15 guns, other oddities seized at San Antonio airport this year


 SAN ANTONIO -- For the fourth time since Aug. 1, Transportation Security Administration officers at San Antonio International Airport have discovered a firearm inside a carry-on bag.

The latest incident happened on Wednesday in Terminal B and involved a man on an American Airlines flight bound for Dallas-Fort Worth. The passenger was arrested. His .22-caliber handgun was seized, along with nine rounds of ammunition and one in the chamber.

“There are some things we don’t want on a plane ever,” said TSA Federal Security Director Leo Vasquez, Jr.

Of the more than 800 guns detected by TSA in carry-on bags this year, Vasquez said 15 of them were uncovered at the San Antonio airport.

What’s often legal to possess on the ground does not get the same clearance in the skies, especially since the 9/11 attacks. Over the last year, TSA officers at the San Antonio airport have stopped all kinds of prohibited items.

On July 24, TSA officers turned up a set of brass knuckles in a carry-on bag. On June 15, officers discovered an Airsoft Gun in a checked piece of luggage that bore a striking resemblance to an AR-15 Grenade Launcher. On July 26, TSA officers found throwing stars in a carry-on bag.
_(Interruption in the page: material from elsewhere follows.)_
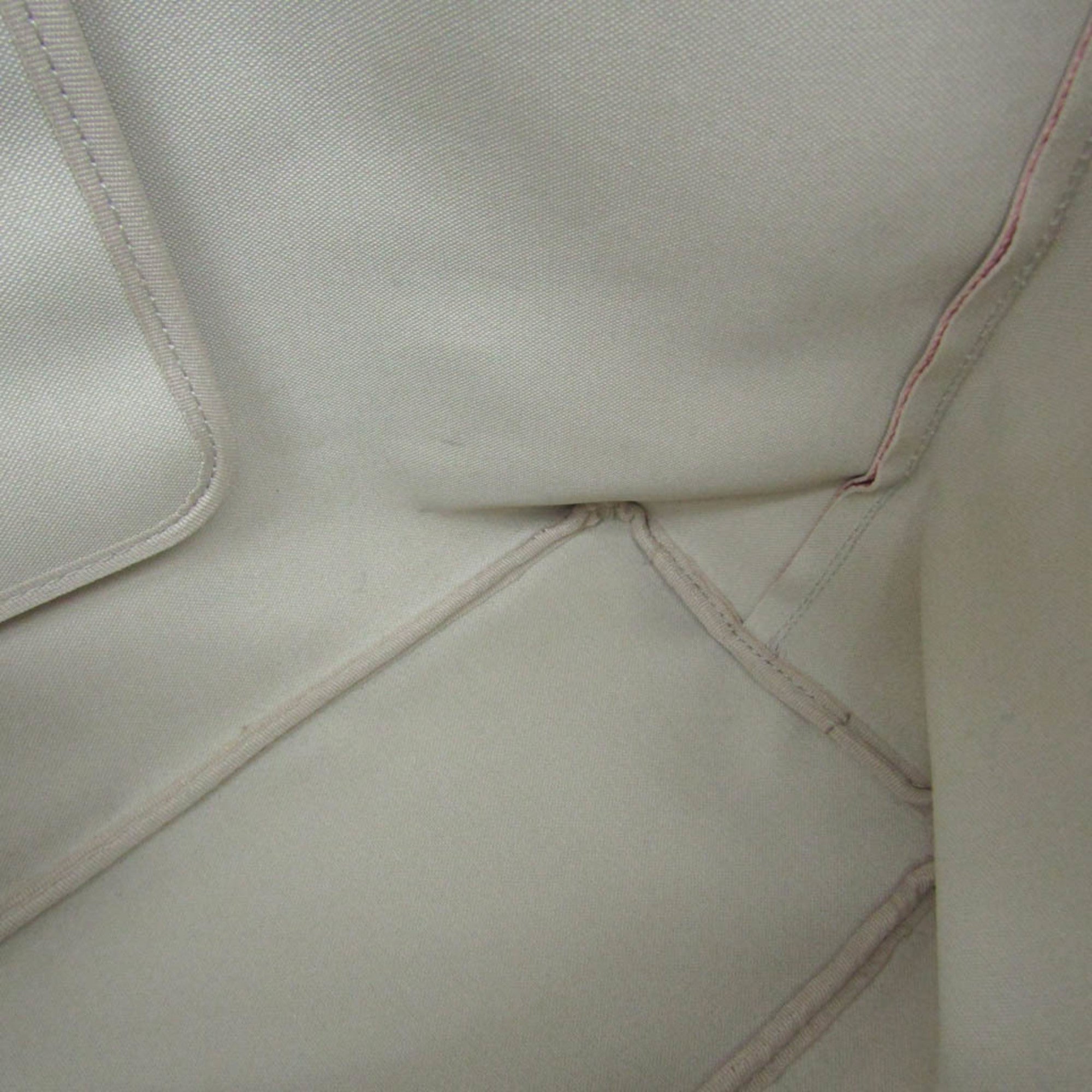 Hervé Chapelier · Coated Canvas Tote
“We do not want something in the cabin of the plane that could be used as a weapon,” said Vasquez, who supervises TSA security at eight South Texas airports, including San Antonio International.

Even the seemingly innocuous sometimes gets flagged. A turtle got stopped by TSA in the checked bagged of a passenger flying out of San Antonio earlier this year. The passengers stated he saw the turtle on the side of the road on his way to the airport and decided he wanted to take it home with him. TSA contacted the airline, which stated the turtle would not be transported on their flight. The turtle was eventually turned over to Sea World San Antonio.

“It was a fine looking Texas turtle,” Vasquez said. “It’s just not allowed on the plane.”

Unlike the days after September 11 -- when Vasquez estimated that, at most, four percent of checked luggage was inspected by security in San Antonio -- these days, there's 100 percent scrutiny by TSA officers. Back then, luggage was physically searched, and randomly selected. Now, all baggage is electronically screened in the bowels of the airport, with some bags then additionally vetted by TSA agents, who pore through baggage looking for possible threats.

It’s a multi-layered campaign by TSA to keep the skies safe, both in San Antonio and nationwide. Intelligence is used in concert with technology and manpower.

“You juxtapose what we have now to what we had 11 years ago, there’s no comparison," Vasquez said. "That doesn’t mean we’re perfect. It’s a huge organization. ... There’s almost 2 million people flying a day in the United States. ... So you know perfection is never going to be there, but we do strive for it.”